▶ _Problem description_:
Repeat the span of the entries below that starts at the line with "Cat/Dog Door for" and ends at the line with "Stickers for Scope", nothing more. Skip the pictures.

▶ _Records to use_:
_ _ _ _
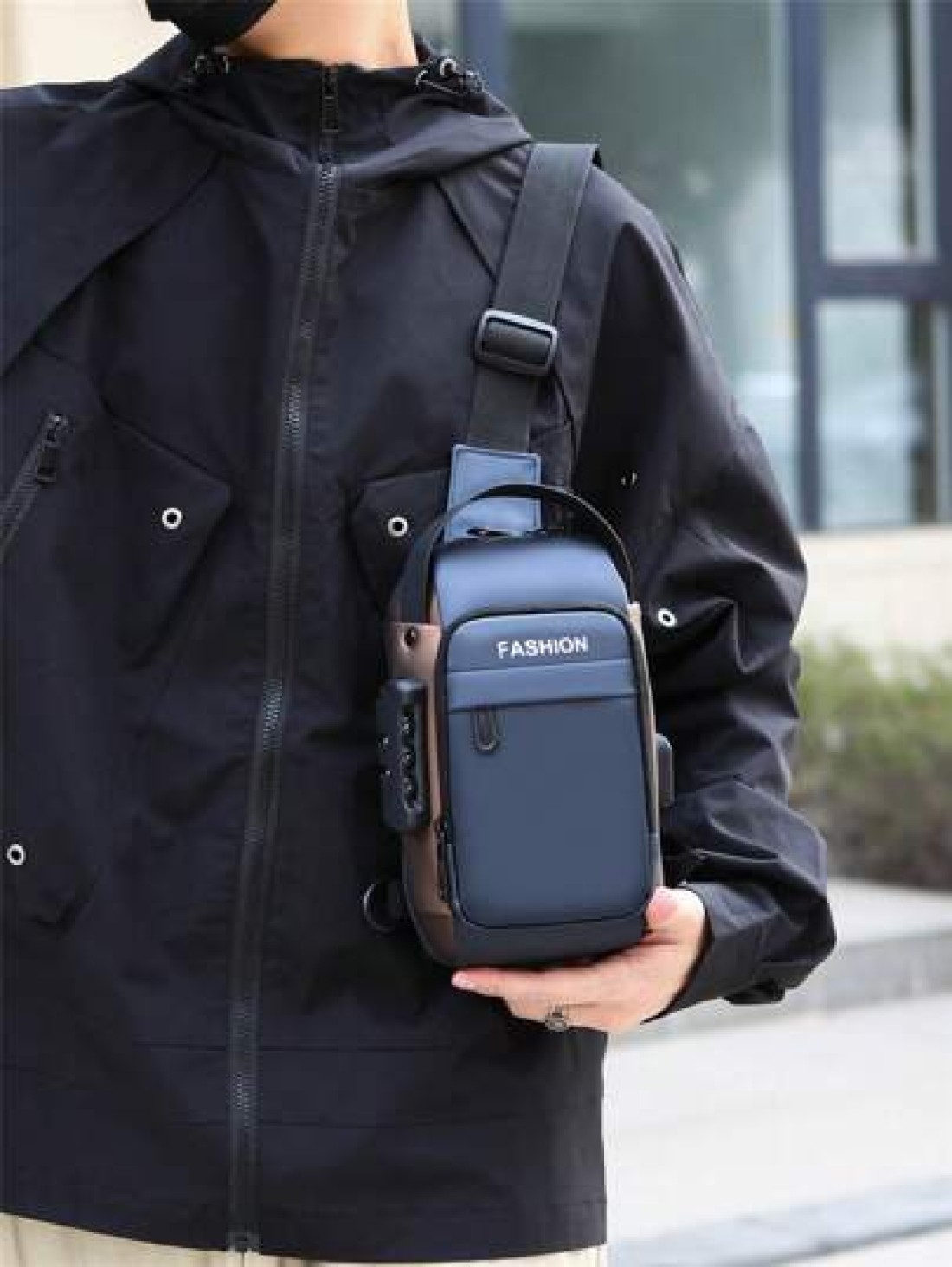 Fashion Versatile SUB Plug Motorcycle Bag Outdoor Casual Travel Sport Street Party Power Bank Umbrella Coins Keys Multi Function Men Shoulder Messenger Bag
_ _ _ _
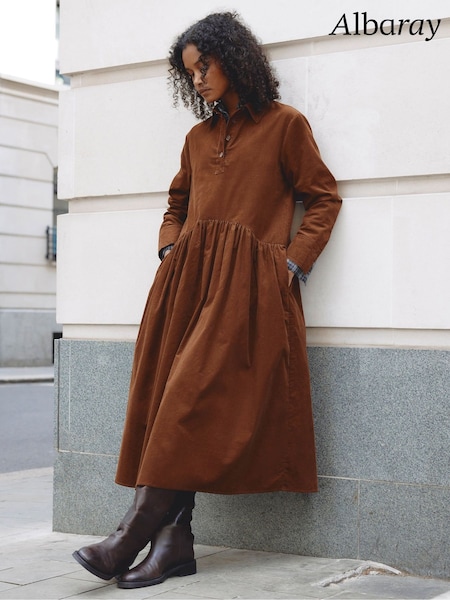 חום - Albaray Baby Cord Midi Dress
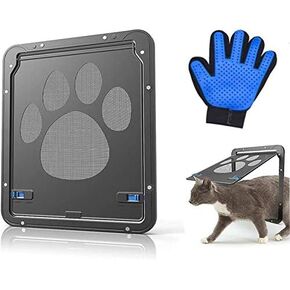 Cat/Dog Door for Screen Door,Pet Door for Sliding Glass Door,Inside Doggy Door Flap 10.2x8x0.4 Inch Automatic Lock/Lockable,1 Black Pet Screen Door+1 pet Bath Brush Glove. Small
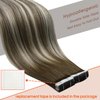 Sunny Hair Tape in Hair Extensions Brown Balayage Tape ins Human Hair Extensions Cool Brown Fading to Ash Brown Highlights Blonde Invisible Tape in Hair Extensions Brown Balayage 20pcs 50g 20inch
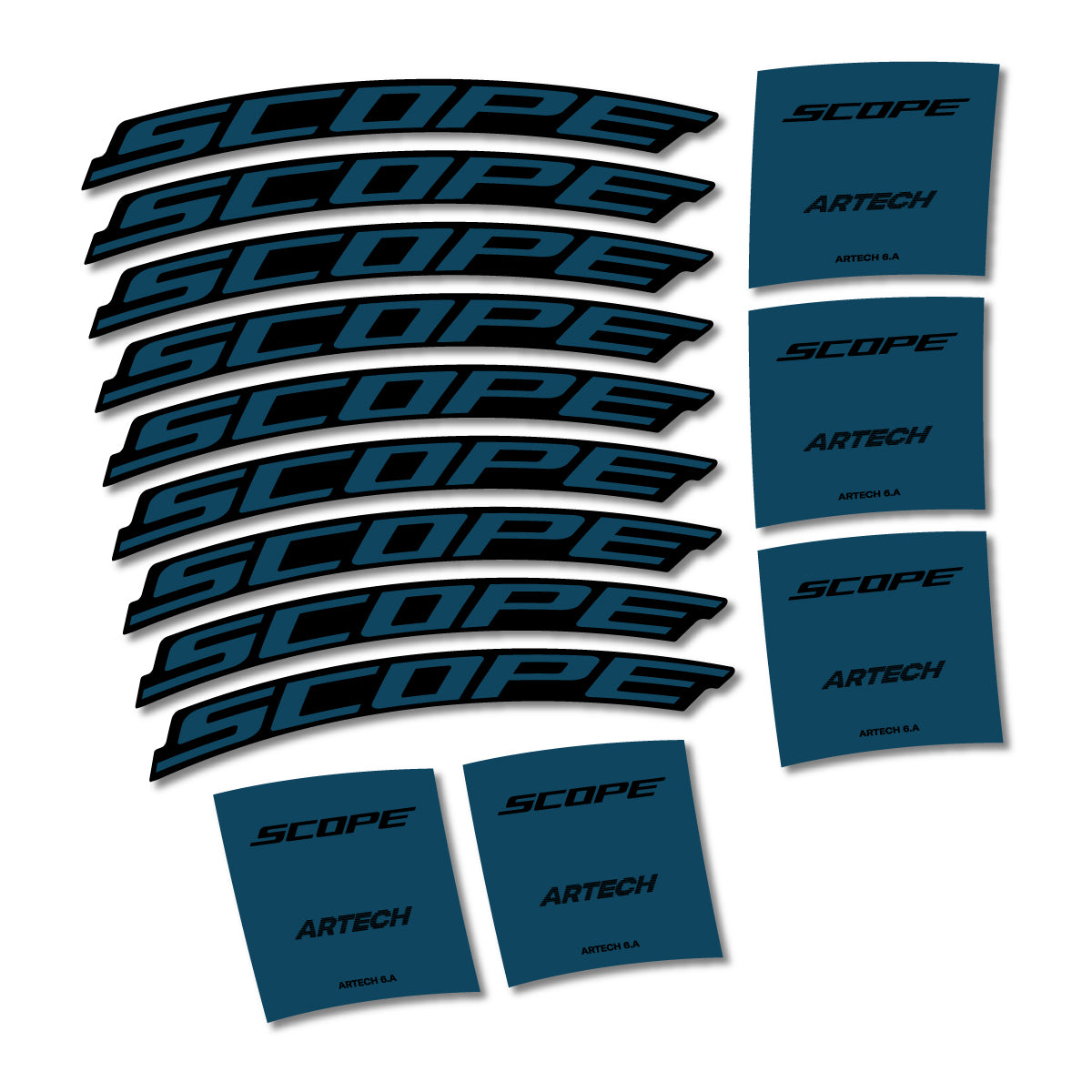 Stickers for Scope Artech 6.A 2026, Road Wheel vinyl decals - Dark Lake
_ _ _ _
▶ _Solution for this problem_:
 Cat/Dog Door for Screen Door,Pet Door for Sliding Glass Door,Inside Doggy Door Flap 10.2x8x0.4 Inch Automatic Lock/Lockable,1 Black Pet Screen Door+1 pet Bath Brush Glove. Small
 Sunny Hair Tape in Hair Extensions Brown Balayage Tape ins Human Hair Extensions Cool Brown Fading to Ash Brown Highlights Blonde Invisible Tape in Hair Extensions Brown Balayage 20pcs 50g 20inch
 Stickers for Scope Artech 6.A 2026, Road Wheel vinyl decals - Dark Lake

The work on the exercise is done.